Learning Through Failure
One thing I can guarantee about Magic, is that most beginners lose a lot. You lose because you were impatient, or made a poor decision or because your opponent had built a better deck. The great thing is, is that you can learn from these experiences and apply them to your next game. One of the best ways to learn anything is life is through trial and error. You try something out, make a mistake, correct it and keep going.
While collectible card games can be expensive, you can start your your journey into Magic, for as little as twenty bucks and for that you can pick up a duel deck. These are pre-built decks that have a theme and are specifically tailored to face off against each other. You can have hours of fun using these decks, learning the game mechanics, how the cards work and more. I enjoy the fact that as a parent I can participate in a game with my kids for a relatively low initial cost. One caveat to this is that, while it is initially low cost to play if you or any of your kids decide to play competitively it can end up costing a fair amount.

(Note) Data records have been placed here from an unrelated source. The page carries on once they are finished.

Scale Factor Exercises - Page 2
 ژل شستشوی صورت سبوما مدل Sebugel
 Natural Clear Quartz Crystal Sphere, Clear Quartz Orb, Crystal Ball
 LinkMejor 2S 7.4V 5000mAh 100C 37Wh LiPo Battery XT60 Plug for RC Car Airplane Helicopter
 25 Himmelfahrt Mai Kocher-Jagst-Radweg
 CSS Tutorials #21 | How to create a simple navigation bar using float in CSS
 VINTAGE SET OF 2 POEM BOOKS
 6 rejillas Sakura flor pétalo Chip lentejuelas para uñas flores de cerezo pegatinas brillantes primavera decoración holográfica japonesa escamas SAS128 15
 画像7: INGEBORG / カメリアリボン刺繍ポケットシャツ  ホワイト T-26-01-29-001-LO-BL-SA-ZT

I see it far to often now, kids glued to the television playing video games or in front of a computer screen isolated from others. One of the greatest things about Magic is that you can enter into Friday Night Magic or release tournaments where you can get out of the house and socialize with other people who are into the same hobby as you and hopefully make some new friends. It’s great to see people come together over a familiar hobby to discuss strategy, trade cards and just have fun.
I hope you and your family are interested in trying out a new game and while it may have a few more rules to learn that your typical board game such as Sorry, once learned it may just become a game your family truly enjoys playing together.
Are you a parent who plays Magic? Have you started teaching your children how to play yet?